The Department of State encourages all U.S. citizens traveling or residing abroad to register via the State Department's travel registration website or at the nearest U.S. embassy or consulate abroad. Registration will make your presence and whereabouts known in case it is necessary to contact you in an emergency and will enable you to receive up-to-date information on security conditions.
Emergency information concerning Americans traveling abroad may be obtained by calling 1-888-407-4747 toll free in the U.S. and Canada or the regular toll line 1-202-501-4444 for callers outside the U.S. and Canada.
The National Passport Information Center (NPIC) is the U.S. Department of State's single, centralized public contact center for U.S. passport information. Telephone: 1-877-4-USA-PPT (1-877-487-2778); TDD/TTY: 1-888-874-7793. Passport information is available 24 hours, 7 days a week. You may speak with a representative Monday-Friday, 8 a.m. to 10 p.m., Eastern Time, excluding federal holidays.

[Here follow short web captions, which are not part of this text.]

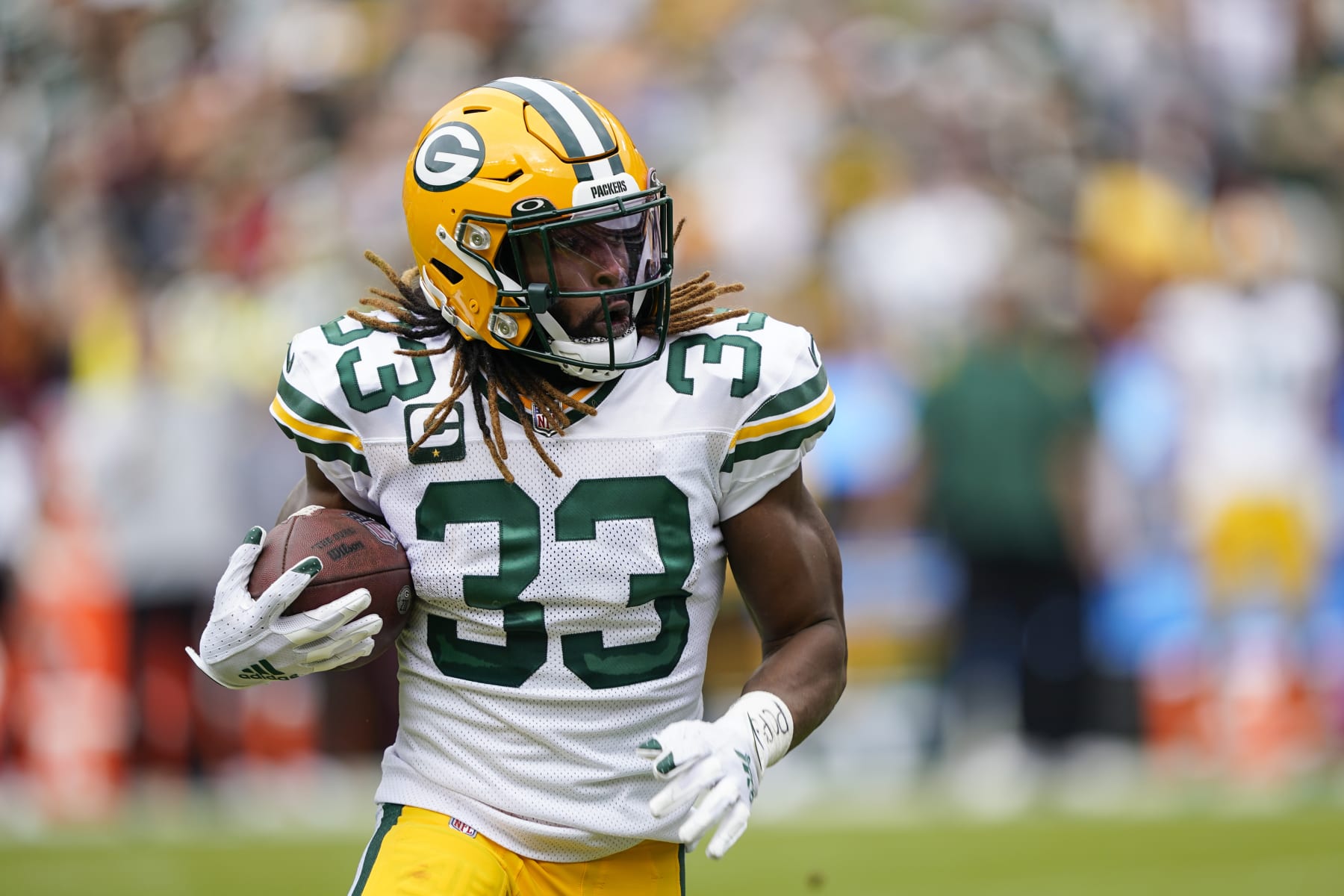 Green Bay Packers running back Aaron Jones (33) runs with ball during the first half of an NFL football game against the Washington Commanders, Sunday, Oct. 23, 2022, in Landover, Md. (AP Photo/Susan Walsh)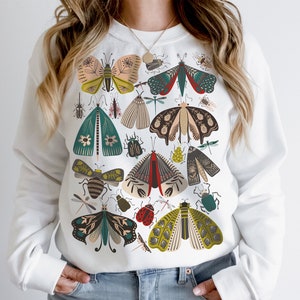 May include: White sweatshirt with a colorful print of various insects, including butterflies, moths, and beetles. The print is a stylized design with a vintage aesthetic.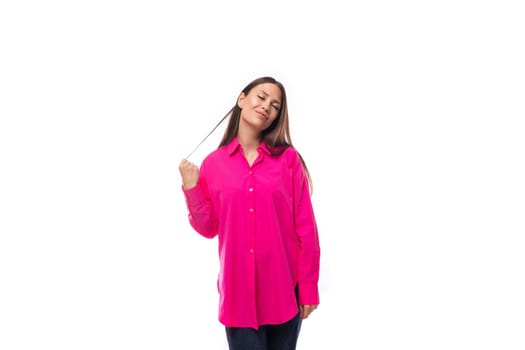 portrait of a dreamy young lady with black hair in a crimson oversized shirt on a studio white background.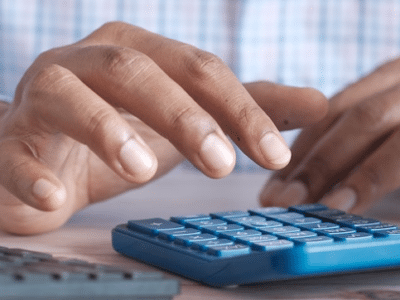 A man is using a calculator on a desk next to a cup of coffee.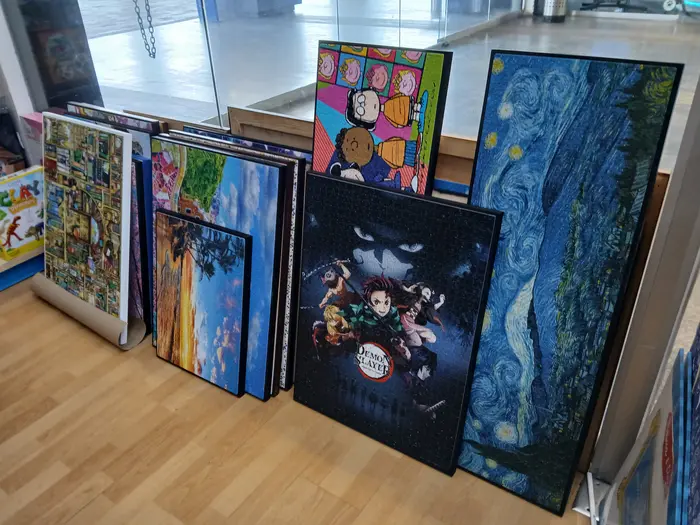 Varios rompecabezas terminados y montados sin marco, en exhibición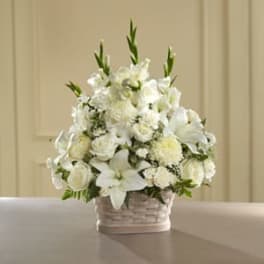 White floral arrangement in a woven basket vase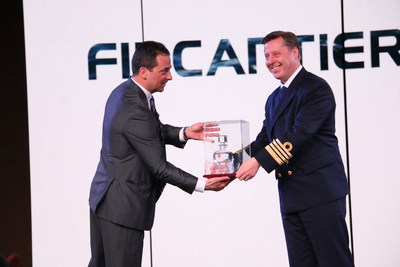 Antonio Quintano, shipyard director for Italian shipbuilder Fincantieri (left), presents Captain Emiel de Vries of Holland America Line's Koningsdam, with the bottle containing the first water touched by the new ship, which made its debut in Rotterdam, the Netherlands in May 2016. The bottle is kept on the ship as a sign of good luck.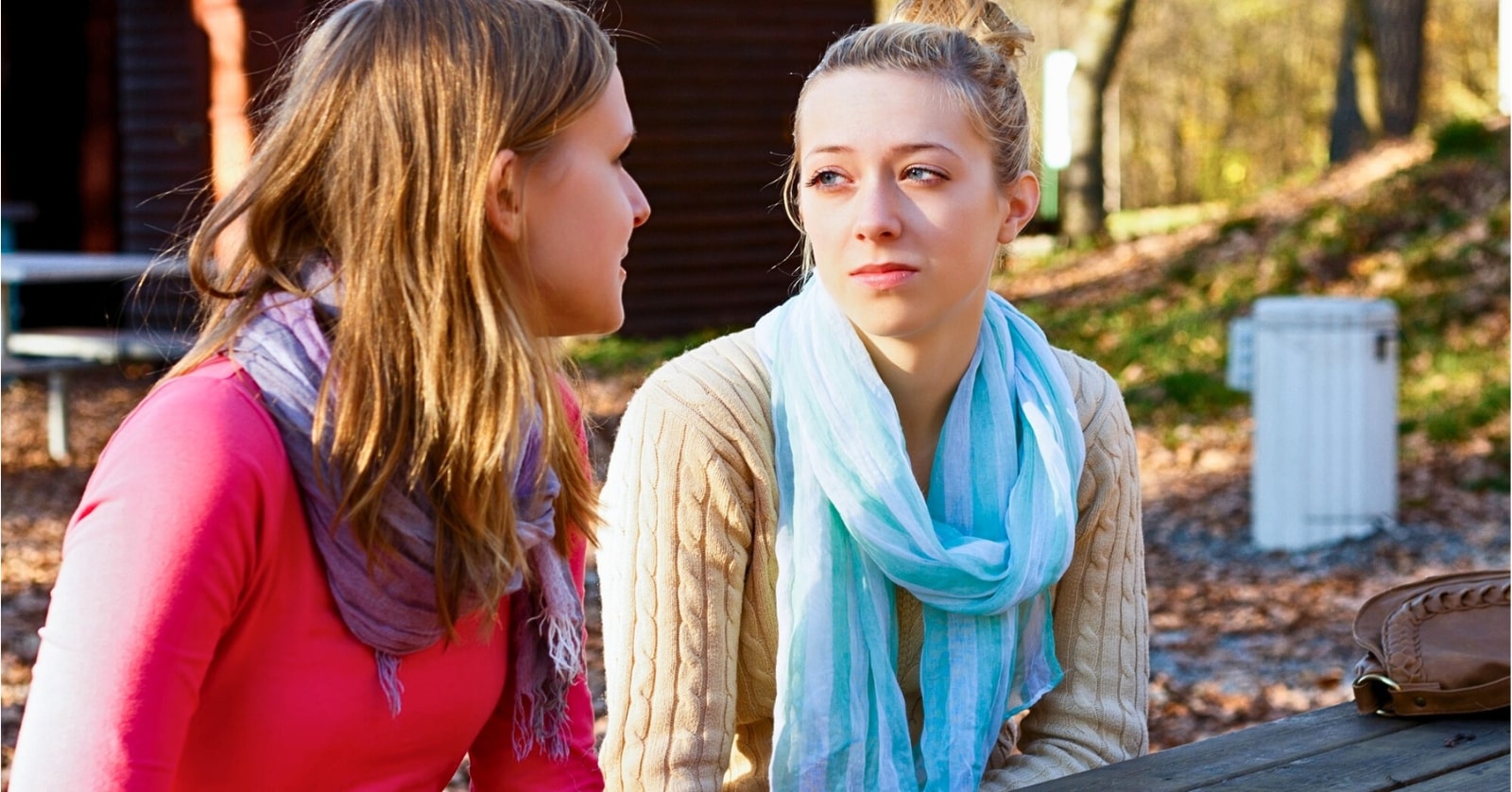 two women in their twenties talking while sitting on a bench outdoors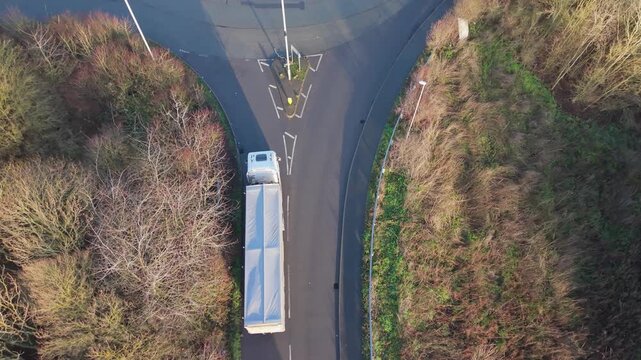 Aerial Roundabout View With Truck Negotiating Tight Turn In Rural Junction, Articulated Trailer Swings Across Lanes, Winter Trees Lining Roadside, Oncoming Car Yielding, Highangle Drone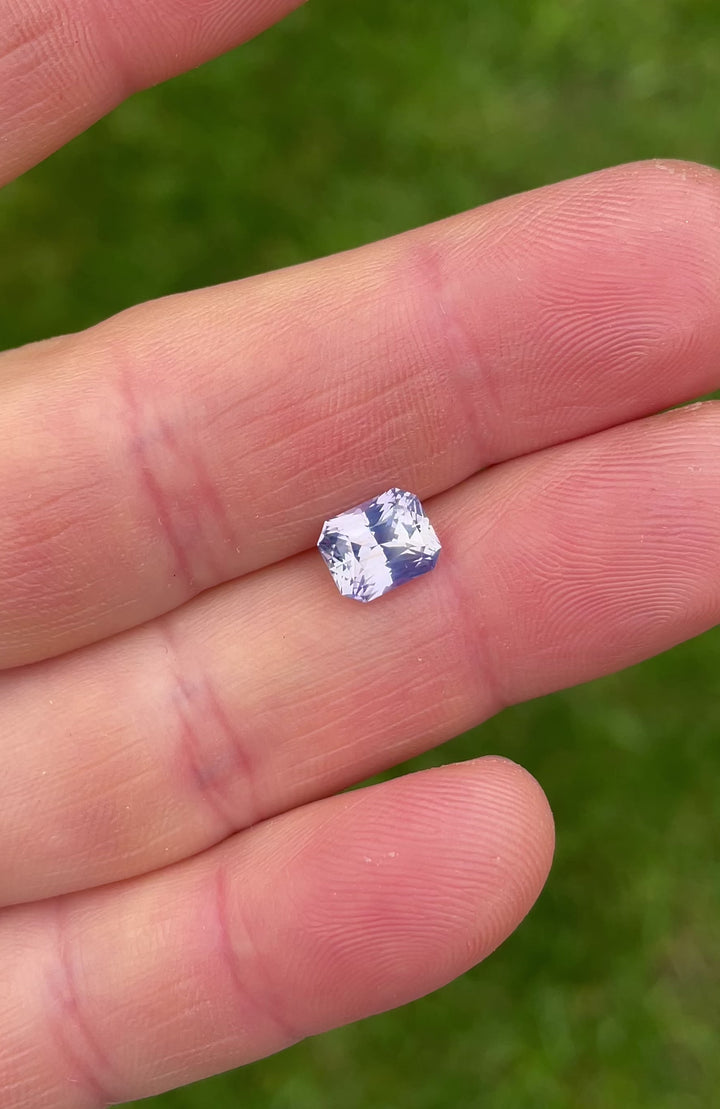 Video of a hand-rotated 2.16ct custom radiant cut sapphire in soft peach and violet tones, capturing the gem’s brilliance and clarity from Sri Lanka.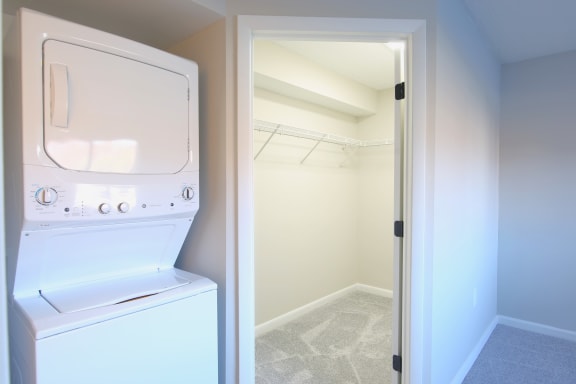 a laundry room with a washer and dryer and a closet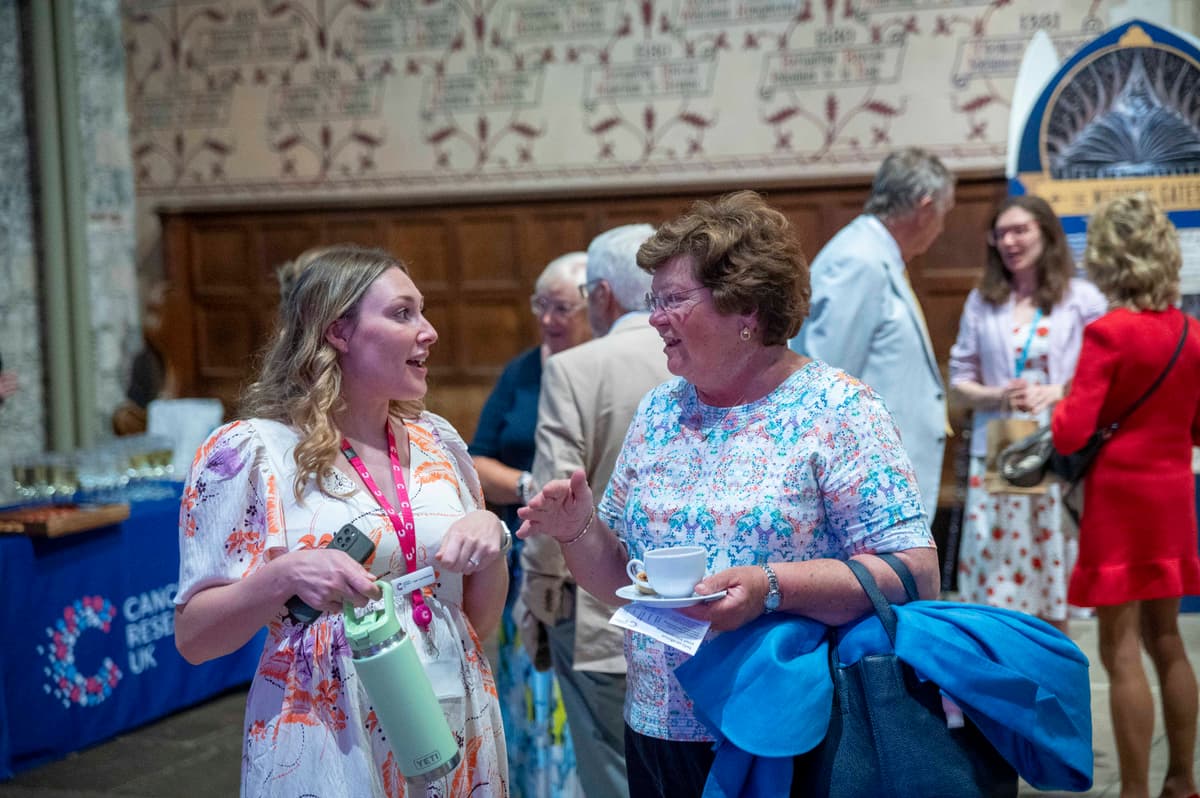 A Legacy Focused Relationship Manager speaking to a supporter at our Evening of Summer Music Event.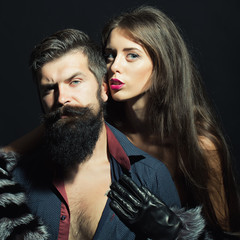 Man with beard and girl in gloves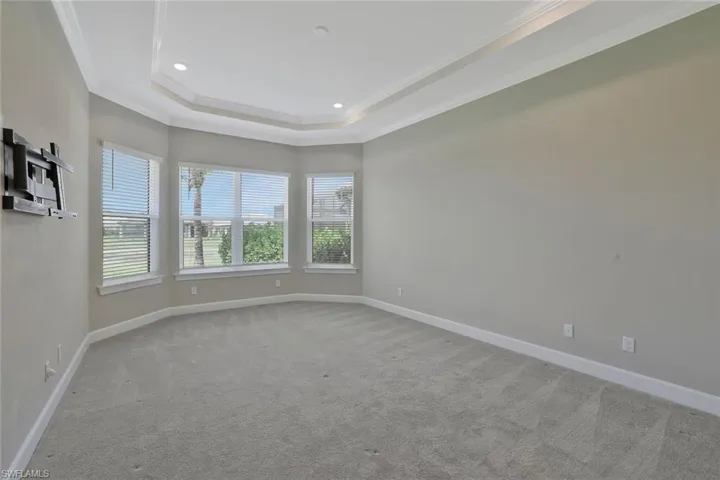 Unfurnished room with recessed lighting, carpet, a tray ceiling, crown molding, and baseboards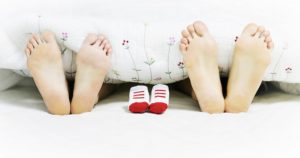 Now you are pregnant parents feet baby feet in bed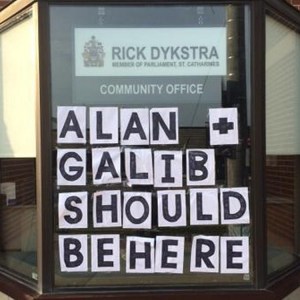 This sign, bearing the name of Alan Galib, the young Syrian boy in that heart-wrenching set of photos taken on the Turkish beach, mysteriously showed up on the front of St. Cathrines MP Rick Dystra's campaign office in recent days and is making the rounds in social media.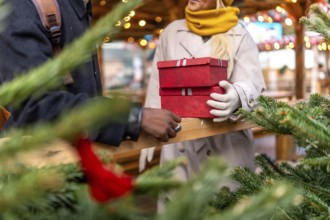 Diverse couple exchanging stack of red gift boxes, celebrating the holiday season at an outdoor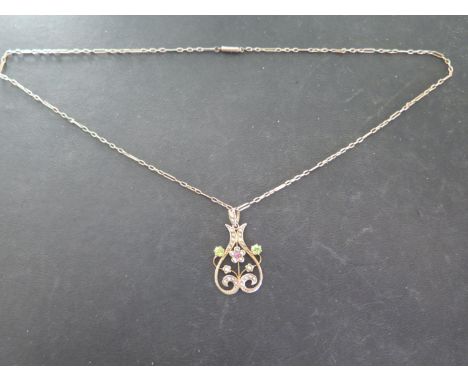 A 9ct yellow gold art nouveau pendent set with ruby, peridots and seed pearls on a 9ct yellow gold chain, length 50cm - in ge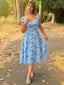 Blaues 50er Swingkleid mit Puffärmeln und Blumen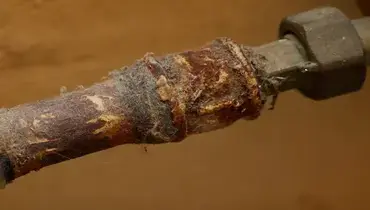 Old pipe corroding and rusting.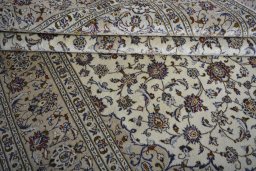 Close-up detail of 2000s Kashan rug from Iran / Persia showing Wool weave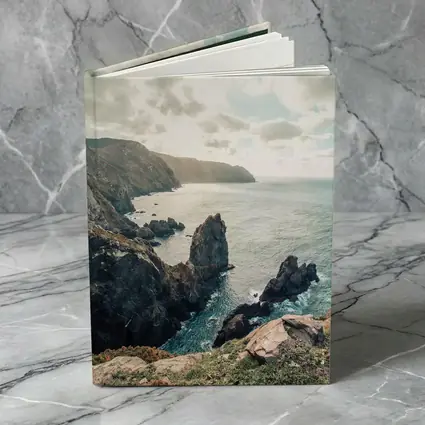 Rocky Coastal Cliffs Over Blue Ocean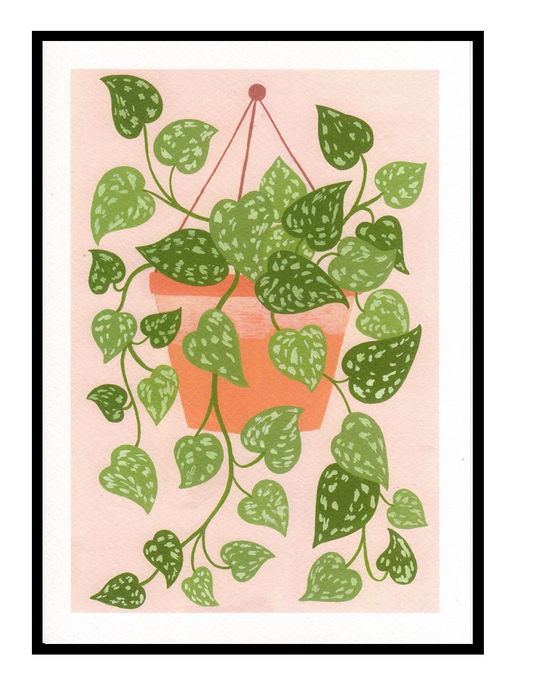 Scindapsus plant art print by Leens with cascading green leaves in a hanging terracotta pot on a blush pink background, modern botanical wall decor for cozy interiors.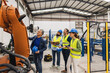 © Westend61 - Engineer with colleagues having discussion over robotic arm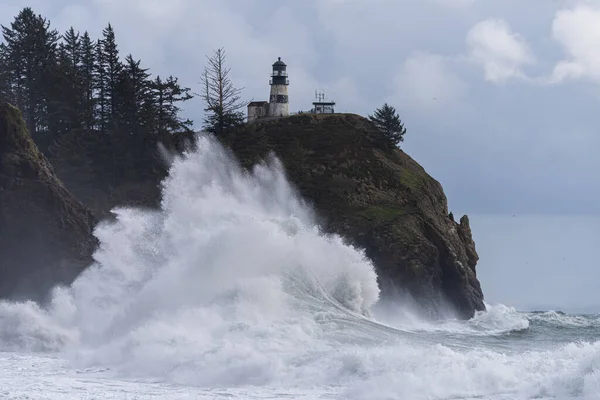 Large stormy wave crashing under cliff and lighthouse on the Washington Coast at Cape Disappointment, Pacific Northwest United States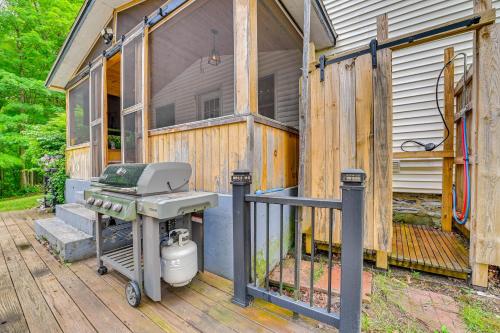 a grill sitting on a deck next to a house at Charming Ballston Spa Home with Sauna and Private Pool in Ballston Spa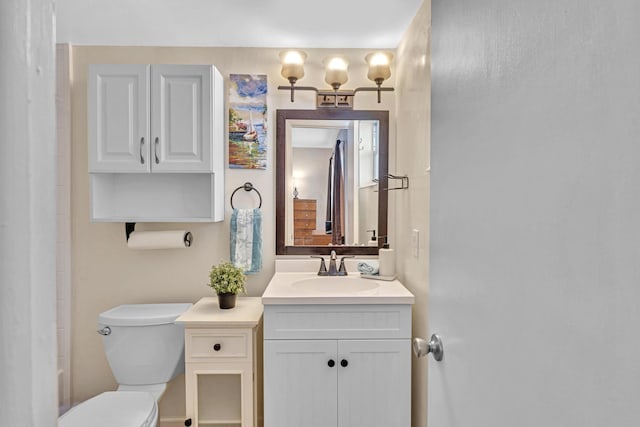 bathroom featuring vanity and toilet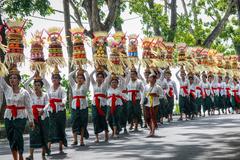 Balinese women participating in the Mapeed tradition, carrying fruit and traditional snacks on their heads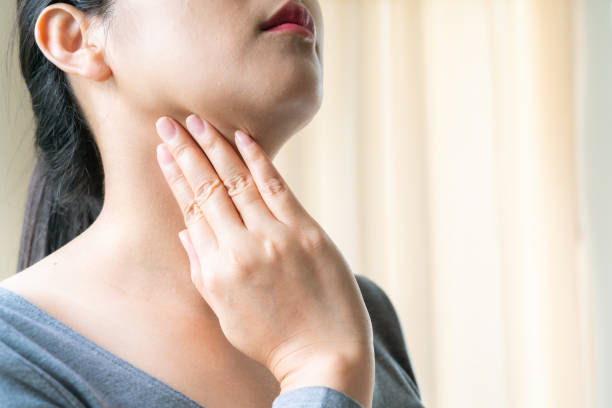 Sore Throat. Beautiful woman hand touching her pain neck. Woman healthcare concept Sore Throat. Beautiful woman hand touching her pain neck. Woman healthcare concept neck stock pictures, royalty-free photos & images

Travelers can check the latest health information with the U.S. Centers for Disease Control and Prevention in Atlanta, Georgia. A hotline at 800-CDC-INFO (800-232-4636) and a web site at http://wwwn.cdc.gov/travel/default.aspx give the most recent health advisories, immunization recommendations or requirements, and advice on food and drinking water safety for regions and countries. The CDC publication "Health Information for International Travel" can be found at http://wwwn.cdc.gov/travel/contentYellowBook.aspx.
Further Electronic Information
Department of State
Web Site. Available on the Internet at http://www.state.gov, the Department of
State web site provides timely, global access to official
U.S. foreign policy information, including Background Notes and daily press briefings along with the
directory of key officers of Foreign Service posts
and more. The Overseas Security Advisory Council (OSAC)
provides security information and regional news that impact
U.S. companies working abroad through its website http://www.osac.gov
Export.gov provides a portal to all export-related assistance and market information offered by the federal government and provides trade leads, free export counseling, help with the export process, and more.
STAT-USA/Internet, a service of the U.S. Department of Commerce, provides authoritative economic, business, and international trade information from the Federal government. The site includes current and historical trade-related releases, international market research, trade opportunities, and country analysis and provides access to the National Trade Data Bank.